This most recent novel by the award-winning Austrian writer begs to reach a wider audience with its portrayal of the uncharted territory of a great life: exploring what happens when the writing stops. The central figure of Der Fliegenpalast is the Austrian writer, Hugo von Hofmannsthal. The novel is set in the summer of 1924, five years before he died, when Austria was still suffering from the economic consequences of the lost war. Hofmannsthal has just returned to Austria from Switzerland, where he has been staying with a friend. He is in the village of Fusch, well known from his summers spent there as a child, and he intends to spend some time there to get on with his work, but instead the melancholy that comes from this confrontation of his earlier life with these later years becomes too much to bear. Hofmannsthal goes for gentle walks, sits on various benches with his notebook, avoids other people as far as possible. The only one whose society he does seek is a young doctor, but his time is mostly taken up with the baroness he is accompanying as her personal physician. Hofmannsthal’s health is not good, and he is depressed by the general conditions reflected in the changes in this village he knows from childhood, and which reflect wider changes in society. Everything is more dilapidated, but at the same time there is a rather rickety ostentatiousness – the hotel now calls itself the ‘Grand Hotel’, even though it is still a somewhat rundown village inn with chamber pots under the bed.

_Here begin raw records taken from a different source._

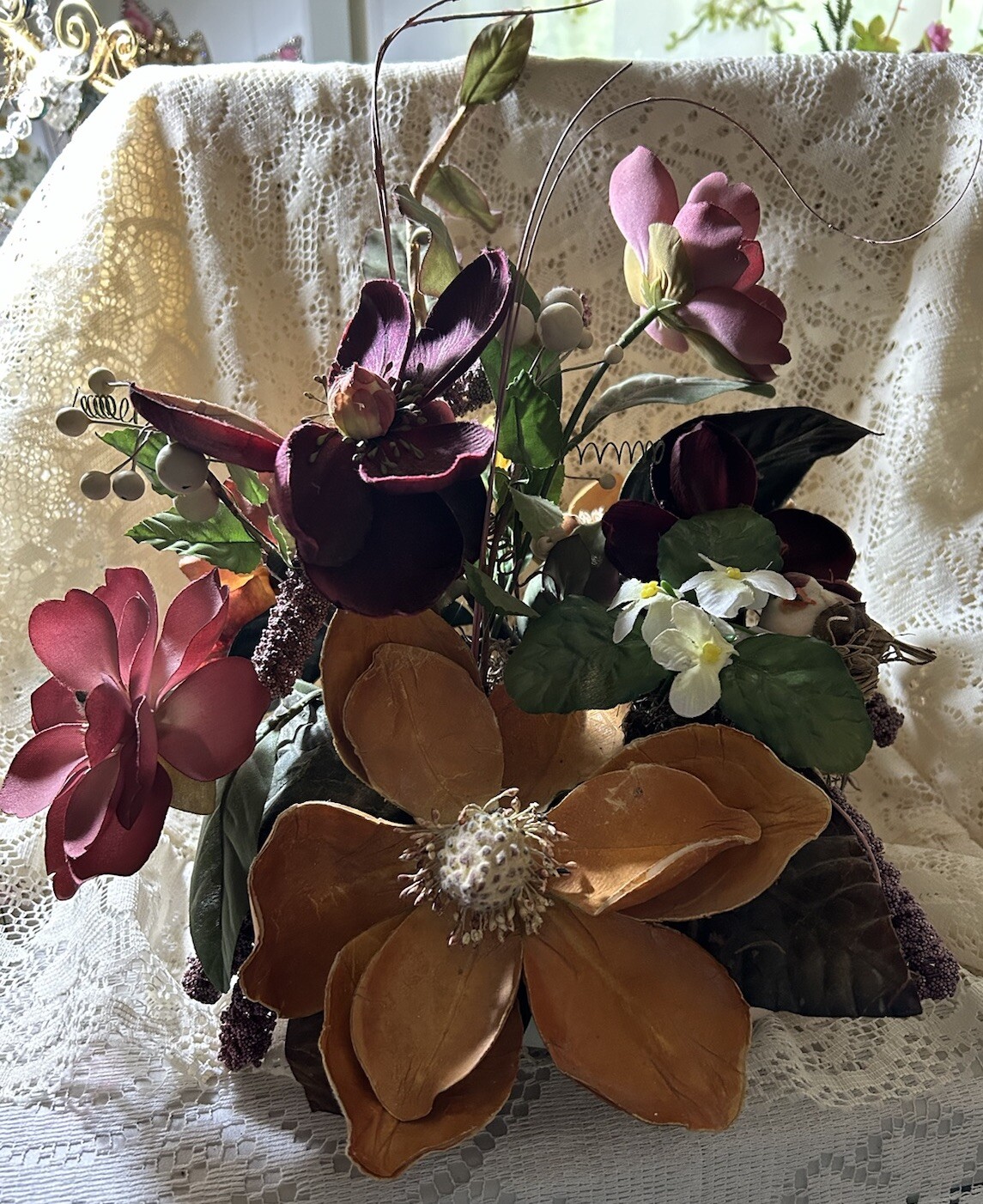 Exotic Artificial Floral Arrangement In A Porcelain Dish Made In Portugal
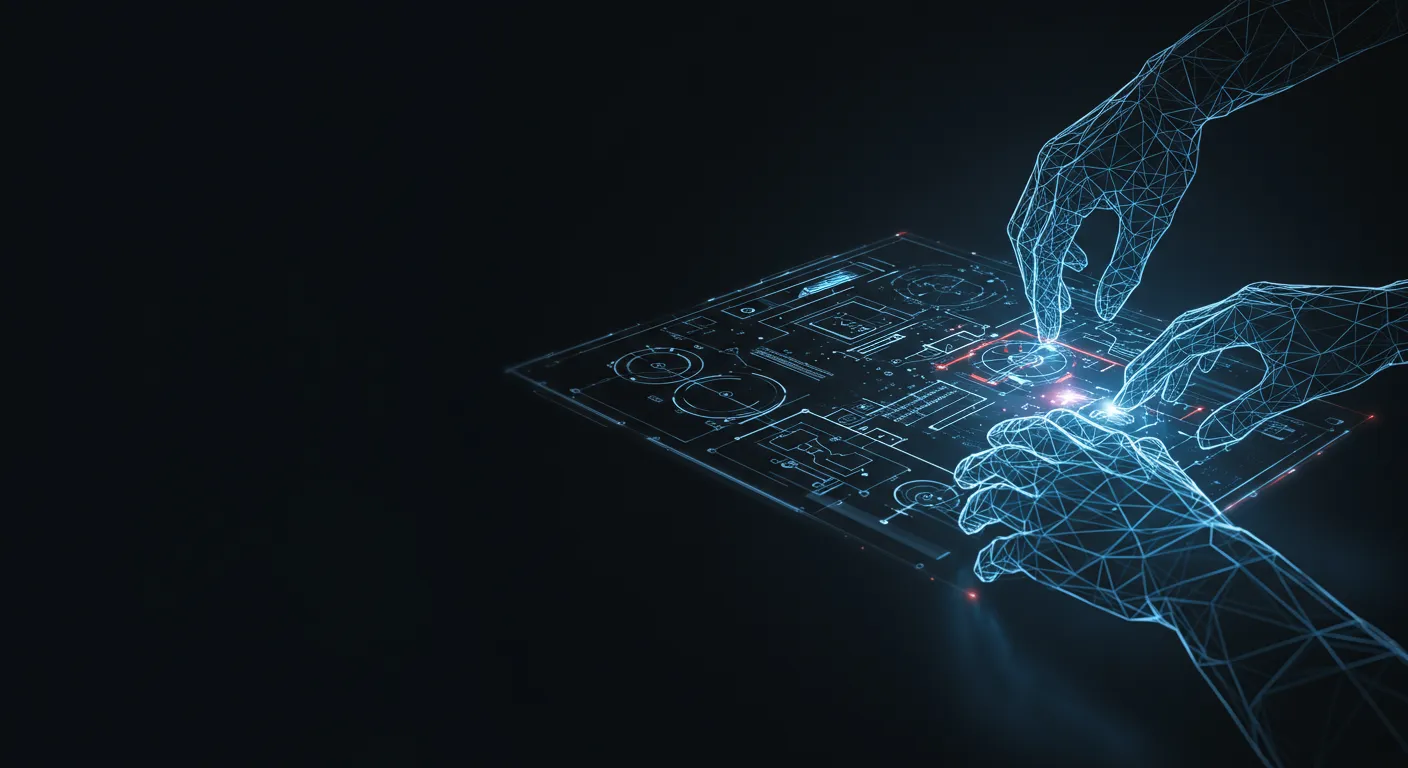 Digital wireframe hands working together on a glowing blueprint, symbolizing the collaborative partnership we form with our clients to build their vision.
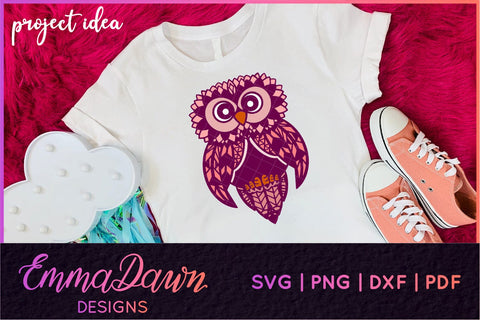 Owl SVG | 3 Zentangle Cut Files SVG Emma Dawn Designs 
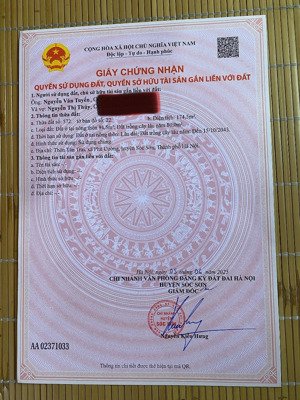 bán đất chính chủ diện tích 174,5 m2 ở tân trại, phú cường, sóc sơn, hà nội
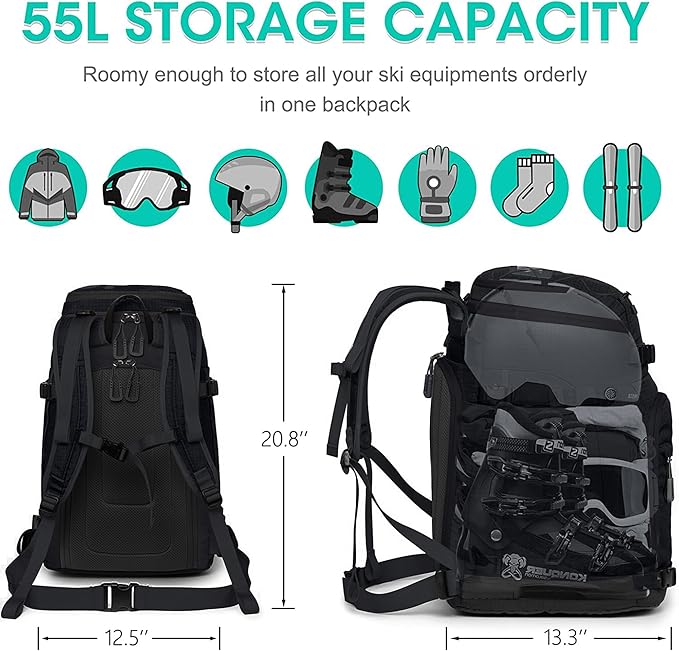 Ski Boot Bag, 55L/70L Waterproof Ski and Snowboard Boots Travel Backpack for Skis, Snowboard, Ski Helmet, Goggles, Gloves & Accessories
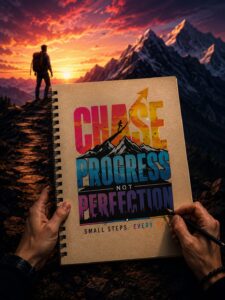 Chase Progress, Not Perfection – Motivational Graphic T-Shirt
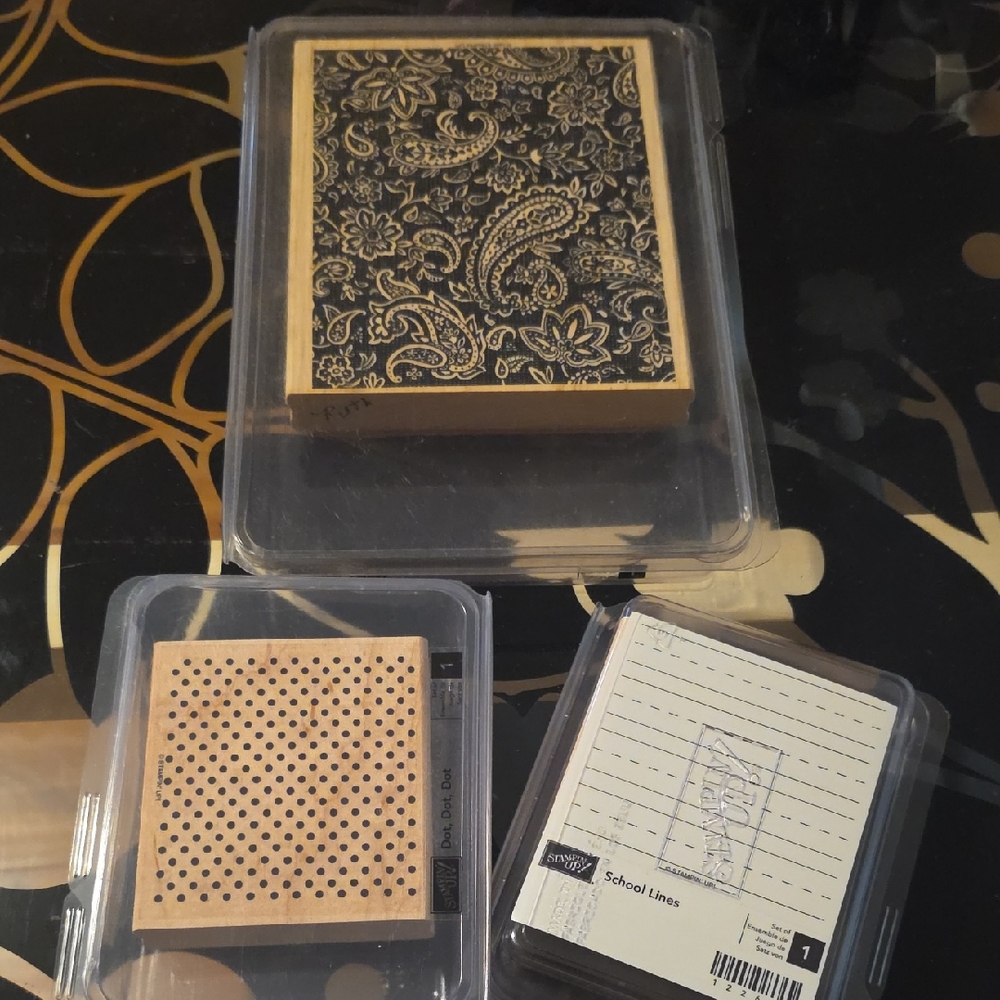 Stampin' Up! Black and Gold Patterned Stamps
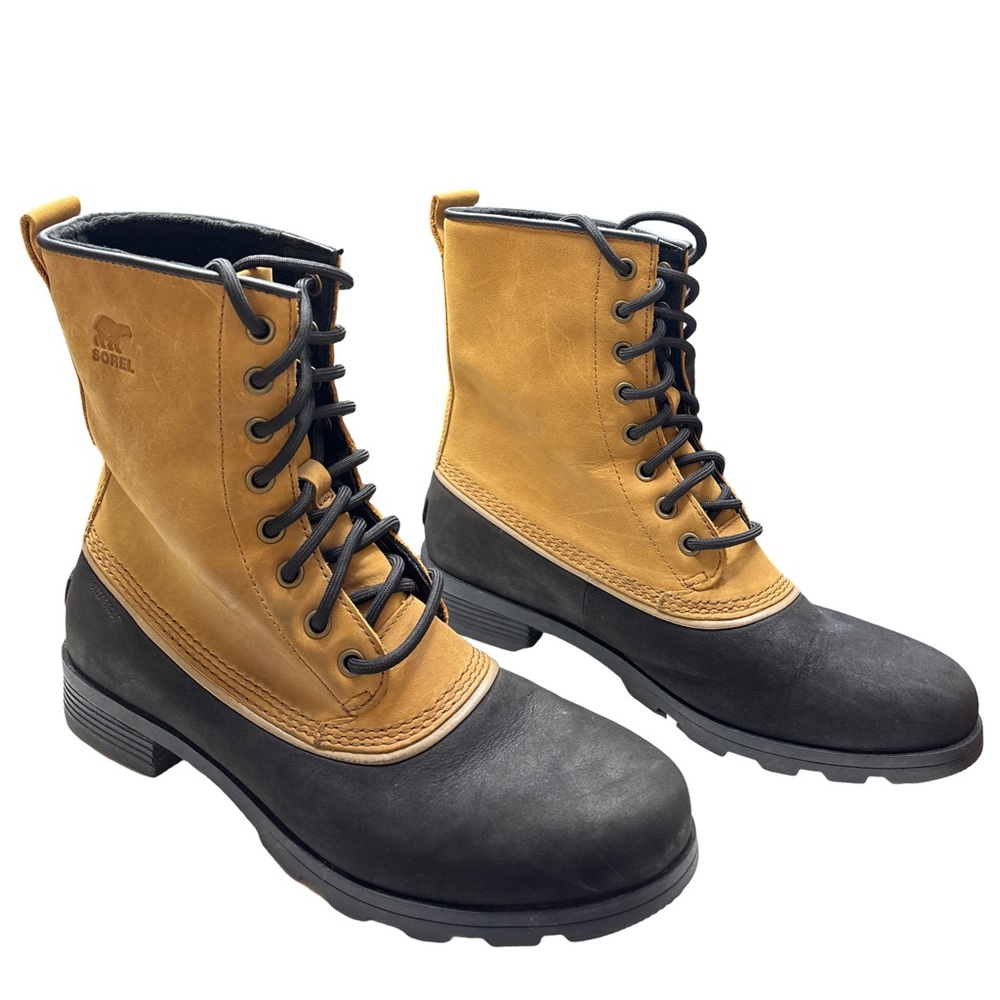 Sorel 1964 Emilie Waterproof  Black and Tan Winter Boots 9.5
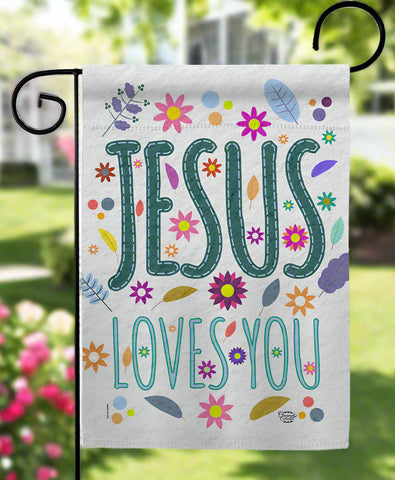 Jesus Loves You Garden Flag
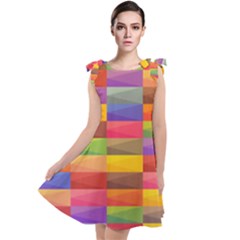Abstract Background Geometric Tie Up Tunic Dress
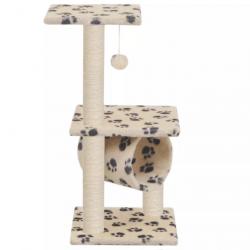 Arbre à chat griffoir grattoir niche jouet animaux peluché en sisal 65 cm beige motif pattes 3702152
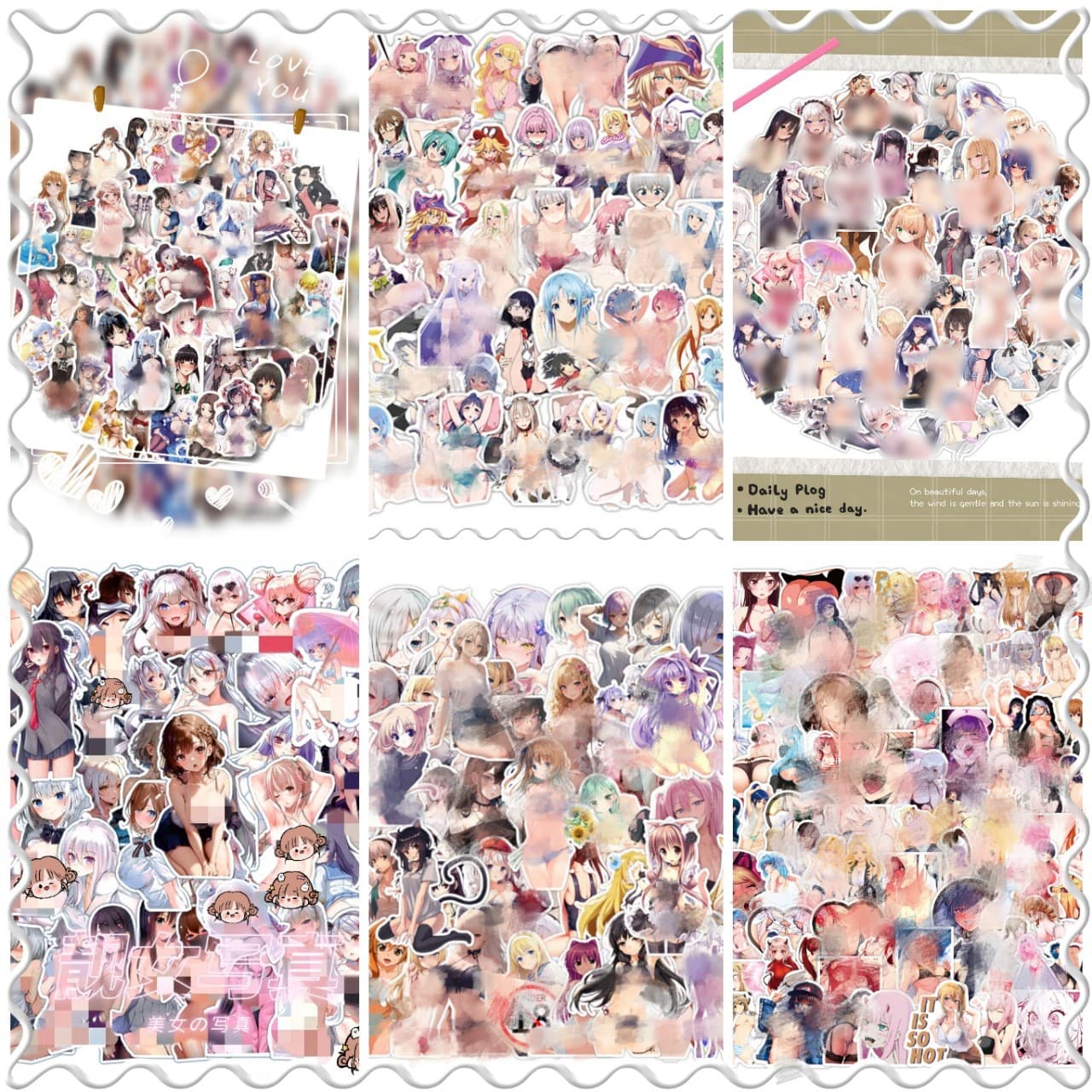 300 Pieces Anime Girl Stickers for Stationery, Skateboards, Water Bottles, Phones - Wholesale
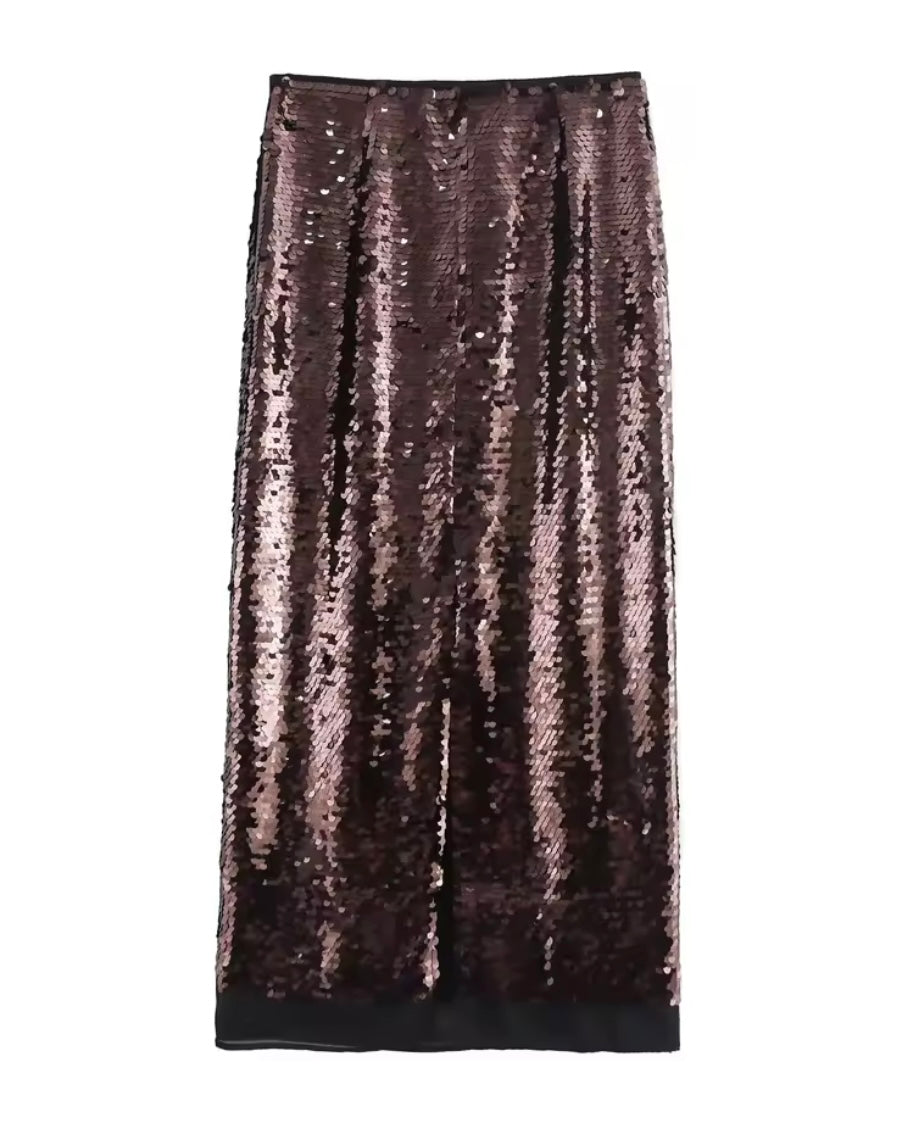 Falda Midi Lentejuelas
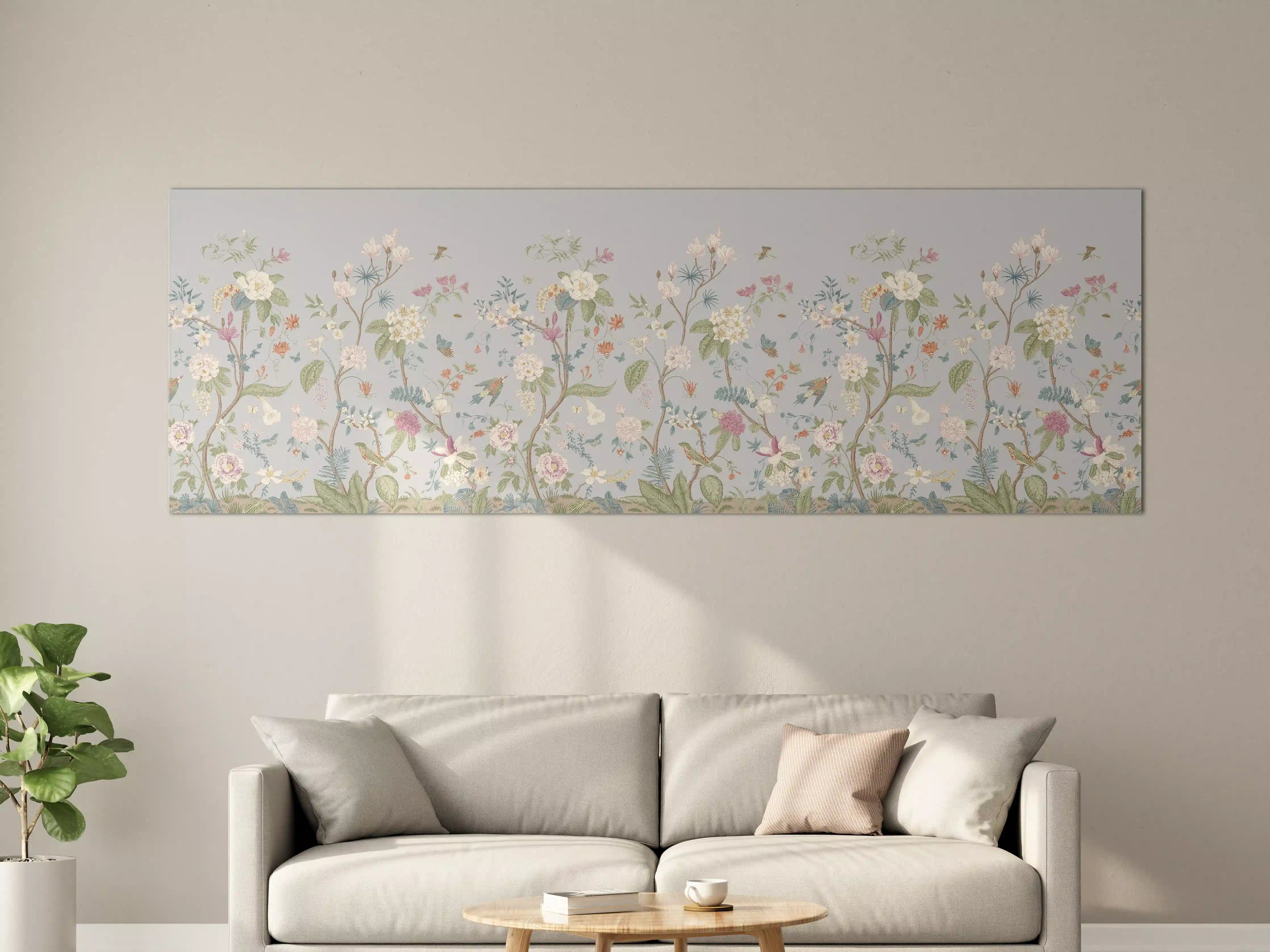 Große Wandbilder - Vintage Bloom Blumenbordüre Grau-Rosa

But the main cause of Hofmannsthal’s depression is the crisis in his literary work, his writer’s block. He imagined returning to a place where he’d spent holidays as a child, plus the peace and quiet, would help him to work, but he makes no progress on the pieces he’s working on apart from notes.
Kappacher has produced a very sensitive portrait of a man at a moment when both his health and his temperament are fragile: his eyesight is poor, he has dizzy spells, he can no longer do the walks he did when he was younger; he constantly expresses intentions which he doesn’t carry out, he is forever saying the wrong thing, apologising, insulting people by avoiding them, and apologising again. Yet Kappacher counters these frustrations by taking us into Hofmannsthal’s thoughts, roving through his memories of childhood and the world of literature. The result is a highly absorbing study of this most prominent of writers at a moment of crisis.